The Republican National Committee reacted swiftly — immediately revoking the permission it had given National Review to host a Republican presidential debate next month. “Tonight, a top official with the RNC called me to say that National Review was being disinvited,” the magazine’s publisher wrote online. “The reason: Our ‘Against Trump’ editorial.”
That soft flapping sound you hear is the Grand Old Party waving the flag of surrender to Trump. Party elites — what’s left of the now-derided “establishment” — are acquiescing to the once inconceivable: that a xenophobic and bigoted showman is now the face of the Republican Party and of American conservatism.
In recent days, influential Republicans including Bob Dole, Iowa Gov. Terry Branstad, RNC Chairman Reince Priebus, Rupert Murdoch and now, as my Washington Post colleagues just reported, Rudy Giuliani and Peter King, have made noises about being able to stomach Trump. Republican donors are trying to insinuate themselves in the billionaire’s orbit. Trump himself said Thursday: “I have received so many phone calls from people that you would call ‘establishment,’ from people — generally speaking, conservatives, Republicans — that want to come onto our team.”

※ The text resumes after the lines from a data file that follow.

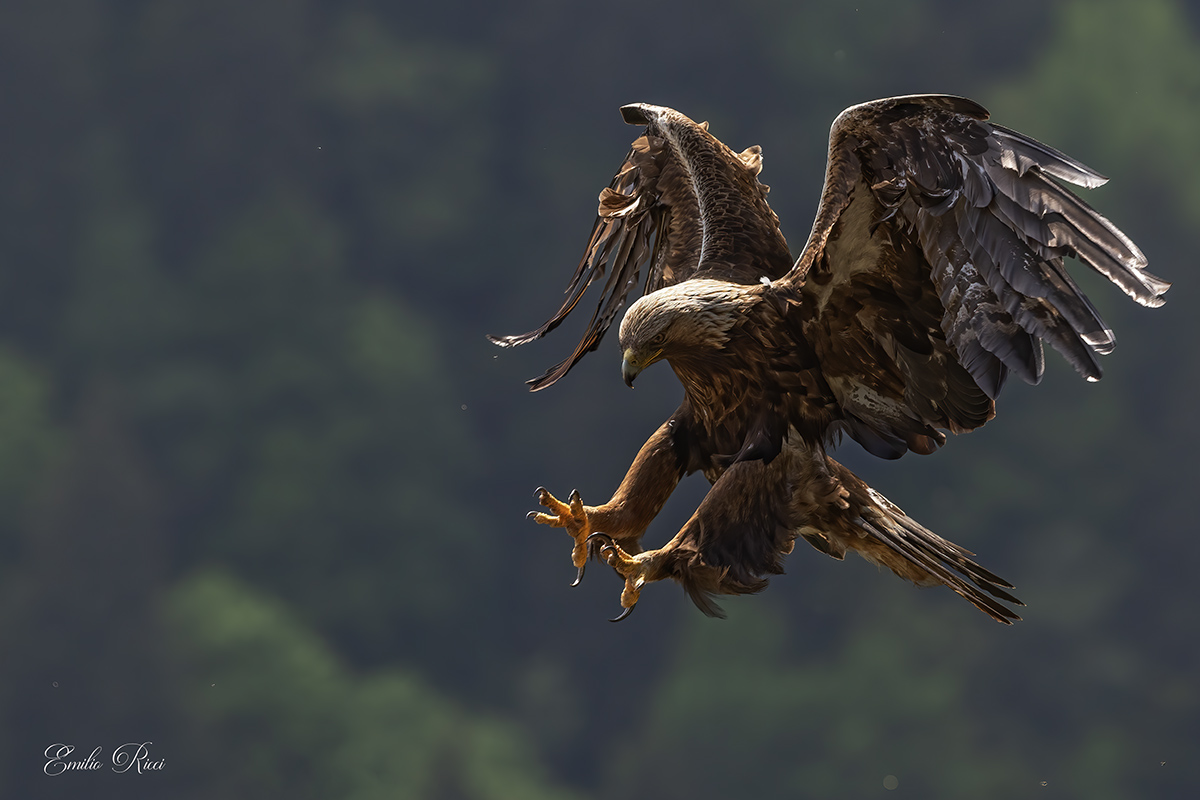 golden eagle Italian Alps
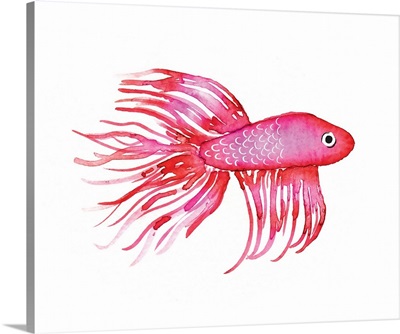 Deep Sea Pink Fish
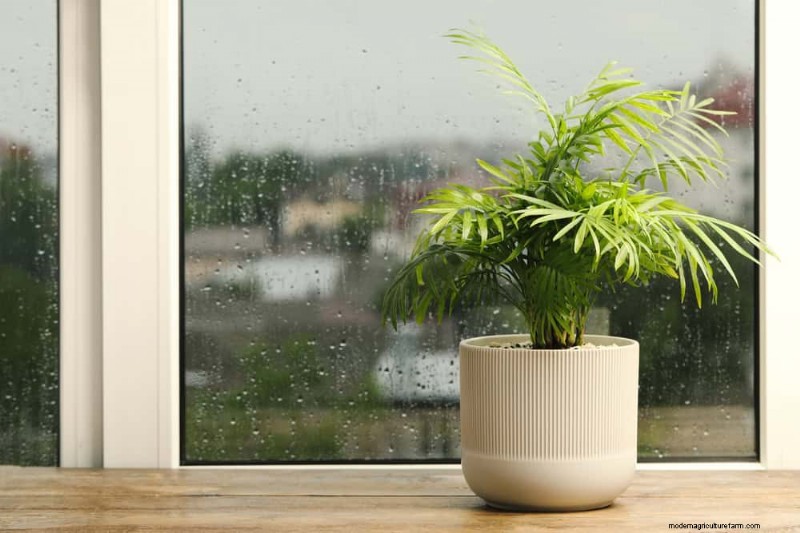 Kamerplanten water geven:17 veelvoorkomende mythen ontkrachten 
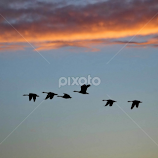 Up Where We Belong by Winkie Chau -  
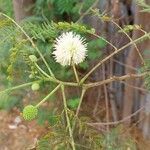 Leucaena leucocephala Flower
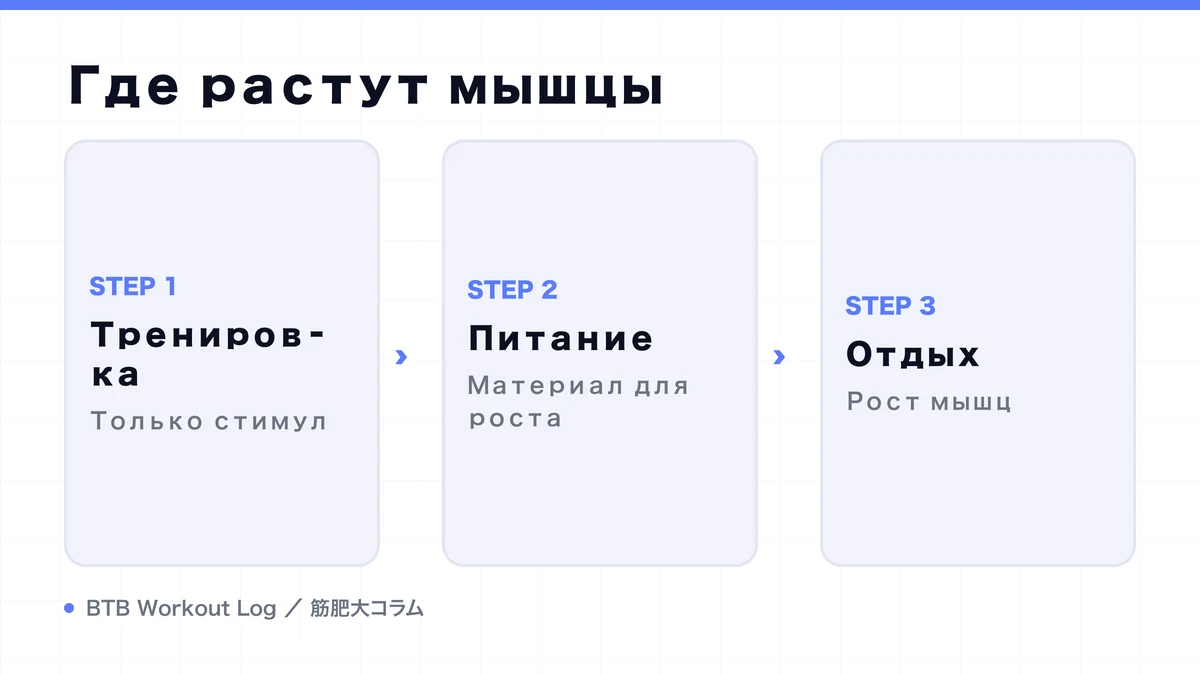 Diagram: Где растут мышцы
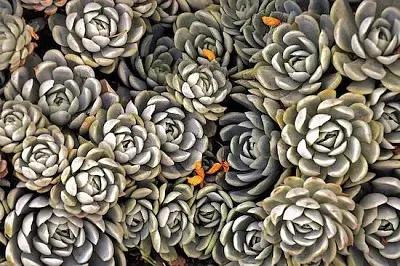 Rocky Succulents jigsaw puzzle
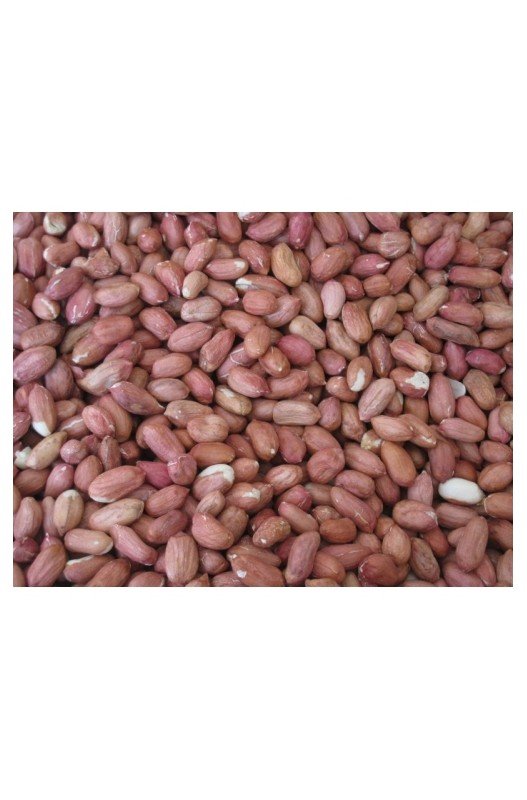 Comprar Cacahuetes Pelado Argentino 50 Kg.
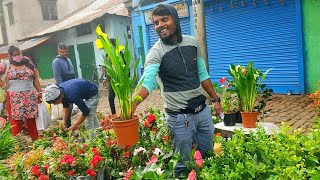 Morning View Of Kolkata Flower Plants Market In Kolkata At Galiff Street||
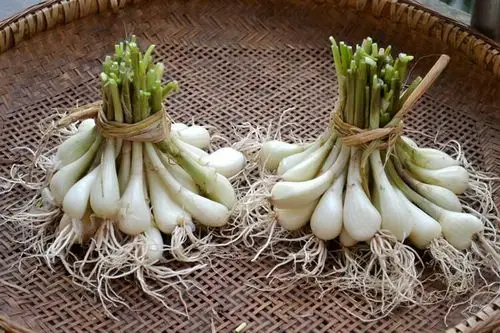 【晓姚妈妈菜】基地"富硒藠头"大获丰收!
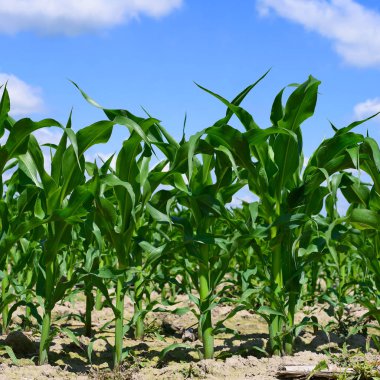 Kırsal alanda genç mısır ekinleri 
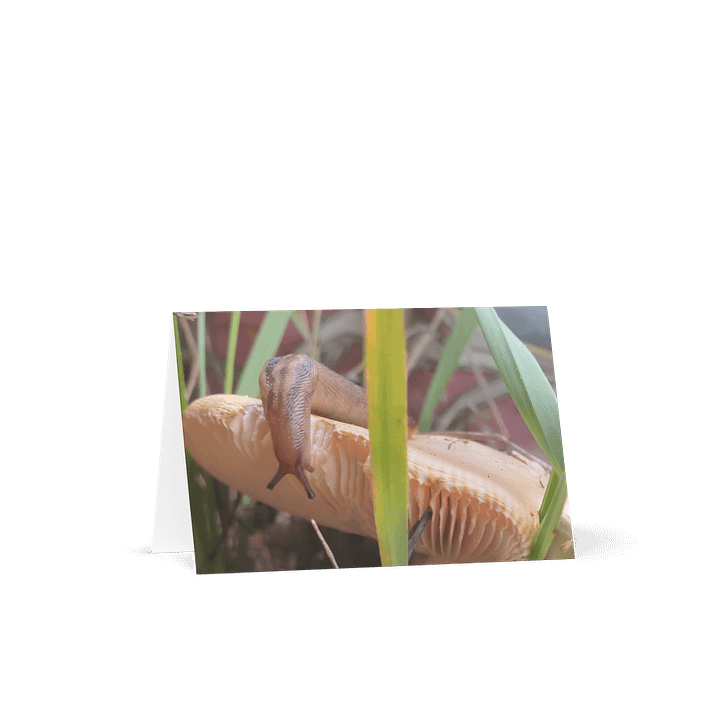 Mushroom Magic Greeting Card product image (1)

The Wall Street Journal editorial page had long criticized Trump’s candidacy, publishing an editorial in July arguing that the conservative media who applaud Donald Trump “are hurting the cause.” The editors opined: “If Donald Trump becomes the voice of conservatives, conservatism will implode along with him.”
Earlier this month, the Journal reversed course. “Mr. Trump is a better politician than we ever imagined, and he is becoming a better candidate,” the editorialists wrote, speculating that “he might possibly be able to appeal to a larger set of voters than he has so far.”
I had been confident that Republican primary voters would reject Trump. I still think they would, if given the chance. But they haven’t been given a clear alternative. Because of Jeb Bush, Marco Rubio, Chris Christie, John Kasich and the others selfishly refusing to unite behind any one of them, the anti-Trump vote has been scattered.
Instead, they’ve let the GOP primary battle turn into a fight between Trump and Ted Cruz, and the party’s old guard has decided Trump is marginally better because he’s more malleable.
But how do you un-ring all these bells? Trump has in word and deed built his candidacy by antagonizing Latinos and Muslims, immigrants and women, Jews and African-Americans, Asian-Americans and the disabled. And if he walked away from his vows to deport 11 million illegal immigrants and to block Muslims from coming into the United States, he’d abandon the source of his power: the rage of angry, less-educated white men.
My colleague Michael Gerson recently wrote that “the nomination of Trump would reduce Republican politics — at the presidential level — to an enterprise of squalid prejudice. And many Republicans could not follow, precisely because they are Republicans. By seizing the GOP, Trump would break it to pieces.”
But how many Republicans could not follow? Partisanship is now more important than any other factor in predicting Americans’ votes, which means there is little possibility of a Goldwater-style landslide against Trump. Republicans could nominate a ham sandwich and still get 45 percent of the vote.
Heck, Trump could even win — particularly if Democrats nominate a socialist to oppose him — but the only thing more likely to devastate the Republican Party and the conservative movement than a Trump wipeout in November would be a Trump victory. Either way, he’d cement the Republican Party’s long-term demographic problems and bind conservatism to bigotry and nativism.
This is why I wonder about the self-deception of those GOP elites now cozying up to Trump.
The Hill newspaper last week interviewed major donor Robert Bazyk, who decamped to Trump from Bush. The big spender objects to Trump’s positions on refugees and Muslims, and his “insults and name-calling.” And yet he is funding the man.
If, in future years, Republicans and conservatives are called to explain how Trump happened, they might recall this: Good people could have stopped him, but they didn’t.
Dana Milbank is a Washington Post columnist.